Fernando Pessoa já disse certa vez em um poema que “todas as cousas que há neste mundo têm uma história”. Com os números 9 e 10 da Revista Teias – relativos aos semestres de janeiro/junho e julho/dezembro, respectivamente – não é diferente. O projeto foi retomado agora em uma versão digitalizada, o que obviamente exigiu sua expansão e um outro tratamento. No entanto, é preciso que se registre que essa produção conta com parte do trabalho que já havia sido feito pela Comissão Editorial responsável pela edição impressa de Teias, professores Donaldo Bello de Souza, Lia faria e Rita Marisa Ribes Pereira.

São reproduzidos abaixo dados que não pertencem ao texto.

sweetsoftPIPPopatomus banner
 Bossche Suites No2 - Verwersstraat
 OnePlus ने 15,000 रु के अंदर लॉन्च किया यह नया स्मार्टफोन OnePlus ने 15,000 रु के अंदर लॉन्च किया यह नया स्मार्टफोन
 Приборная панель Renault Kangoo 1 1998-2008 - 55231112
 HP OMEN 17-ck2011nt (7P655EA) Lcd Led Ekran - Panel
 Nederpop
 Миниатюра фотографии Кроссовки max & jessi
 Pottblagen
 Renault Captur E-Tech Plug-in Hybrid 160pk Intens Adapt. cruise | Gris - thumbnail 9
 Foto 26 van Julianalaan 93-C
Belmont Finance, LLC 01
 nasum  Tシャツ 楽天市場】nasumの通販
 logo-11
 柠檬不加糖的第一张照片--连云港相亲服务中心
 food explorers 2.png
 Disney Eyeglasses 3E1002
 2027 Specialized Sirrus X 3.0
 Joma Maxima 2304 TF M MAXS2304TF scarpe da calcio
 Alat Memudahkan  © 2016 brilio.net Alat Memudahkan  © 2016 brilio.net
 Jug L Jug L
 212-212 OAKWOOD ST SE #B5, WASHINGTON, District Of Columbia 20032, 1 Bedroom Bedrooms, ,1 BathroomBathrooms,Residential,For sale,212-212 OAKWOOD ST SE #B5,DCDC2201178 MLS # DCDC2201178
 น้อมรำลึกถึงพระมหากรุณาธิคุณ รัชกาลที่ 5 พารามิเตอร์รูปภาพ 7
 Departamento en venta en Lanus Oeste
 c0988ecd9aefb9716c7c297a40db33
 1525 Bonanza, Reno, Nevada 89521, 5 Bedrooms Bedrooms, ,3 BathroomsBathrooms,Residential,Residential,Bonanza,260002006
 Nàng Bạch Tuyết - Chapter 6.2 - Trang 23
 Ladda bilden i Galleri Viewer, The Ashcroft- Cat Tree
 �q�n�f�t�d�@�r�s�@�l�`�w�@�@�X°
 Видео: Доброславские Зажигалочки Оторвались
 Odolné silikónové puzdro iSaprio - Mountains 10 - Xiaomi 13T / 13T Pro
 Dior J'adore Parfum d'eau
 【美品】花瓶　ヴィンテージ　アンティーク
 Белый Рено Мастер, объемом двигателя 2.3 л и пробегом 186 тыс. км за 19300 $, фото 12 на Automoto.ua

Para esses dois números, cujo tema é “Competências, Saberes e Trabalho”, alguns textos já haviam então sido selecionados e revisados, cabendo a mim providenciar outros, checar o necessário ineditismo dos textos e enfim, continuar o trabalho, continuar essa história.

Com a profusão de discursos sobre a questão das competências tanto no universo social de uma maneira mais geral quanto no campo da educação, muitos estudos foram realizados privilegiando a temática e trazendo à cena trabalhos importantes.

Aqui tentamos selecionar textos que no seu conjunto oferecem um panorama sobre toda essa discussão em torno do modelo da idéia de competência, no movimento dialógico entre esse e os conceitos de saberes e práticas. Estão aqui relacionados textos que nos levam a pensar sobre a formação inicial e continuada de professores, sobre os saberes presentes no cotidiano da Educação Básica, bem como aqueles que circulam fora da escola, mas que no nosso entendimento fazem constituem as redes das quais fazemos parte, tecendo-as e sendo constituídos por elas.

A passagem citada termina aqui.